Casey Donahew and his five-piece band brought a set list of songs that straddle the line between neo-traditional and red-dirt country to the Uptown Theater on Thursday.
Casey Donahew and his five-piece band brought a set list of songs that straddle the line between neo-traditional and red-dirt country to the Uptown Theater on Thursday.

Casey Donahew has a line that puts himself and his music into perspective: “There are singers who sing songs about cowboys, and there are cowboys who sing.”

Donahew, a native of Burleson, Texas, is clearly the latter: a singer/songwriter who has spent plenty of time roping and riding inside rodeo arenas. These days, music is his priority.

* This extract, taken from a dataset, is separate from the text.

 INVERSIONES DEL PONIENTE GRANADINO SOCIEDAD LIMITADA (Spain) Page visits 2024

Thursday night, the Casey Donahew Band drew more than 800 fans to the Uptown Theater, where he delivered more than 90 minutes of songs about small towns, country living, whiskey, trains, love, romance and the cowboy life. Some, like “No Doubt,” addressed a few issues: “I hear you’re lookin’ for a cowboy to take you for a ride / Well, baby, I think I’m your man / I’m a cowboy from my head to my toes / And this rodeo is all I know.”

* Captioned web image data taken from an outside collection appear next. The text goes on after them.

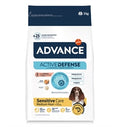 Advance Sensitive Salmon&rice 12KG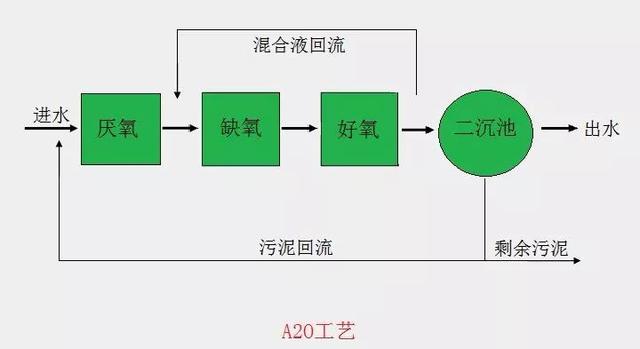 汙水處理中的A2O工藝流程圖（tú）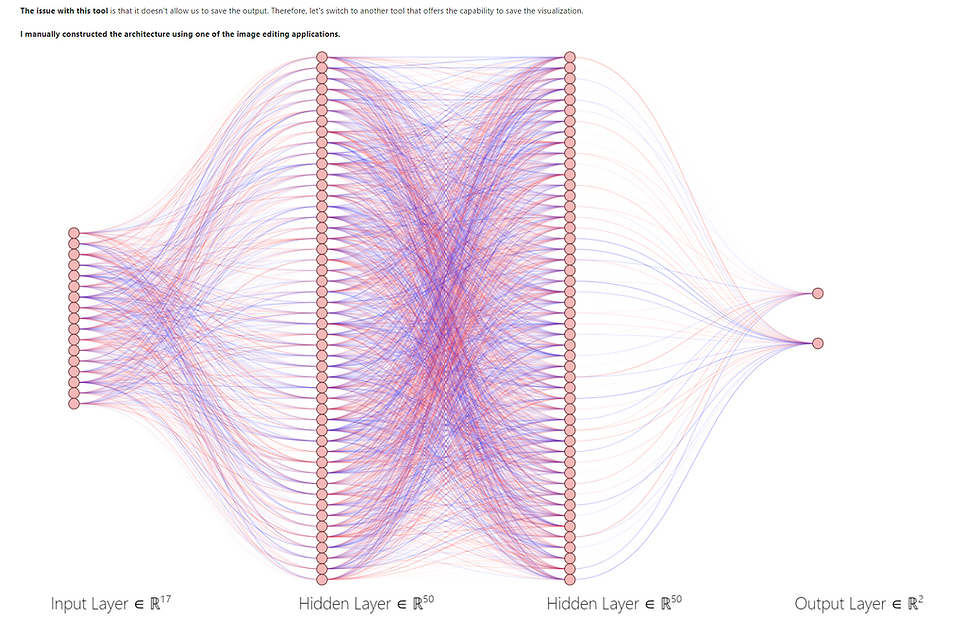 We have multiple tools at our disposal for visualizing model architectures. One such tool is "eiffel2," which offers an intuitive way to create visual representations of neural networks. Here's an example of how to use it:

He was backed by a five-piece band that included drummer supreme Lester Estelle, a native of Olathe. All night, with guitars, fiddle, banjo and bass, they applied muscle and sheen to his songs, which straddle the line between neo-traditional and red-dirt country. All are typically catchy, well-crafted and lacquered with two- and three-part harmonies.

The crowd was pretty evenly split along gender lines: Donahew comes off as a bro the ladies fancy and the guys want to drink beer with. Behind the band, a huge banner displayed the band’s name, two barrel-crossed pistols and verbiage from the Second Amendment, to which Donahew pledged his allegiance before singing “12 Gauge,” a song about domestic violence and a victim’s revenge.

Donahew is touring off “All Night Party,” his sixth studio album, released in August. Before singing “That’s What Cowboys Do,” he made a crack about music that doesn’t make it onto commercial/corporate country radio, and he has a legitimate complaint: His sound is ready for radio, but birthed in Texas, not Nashville.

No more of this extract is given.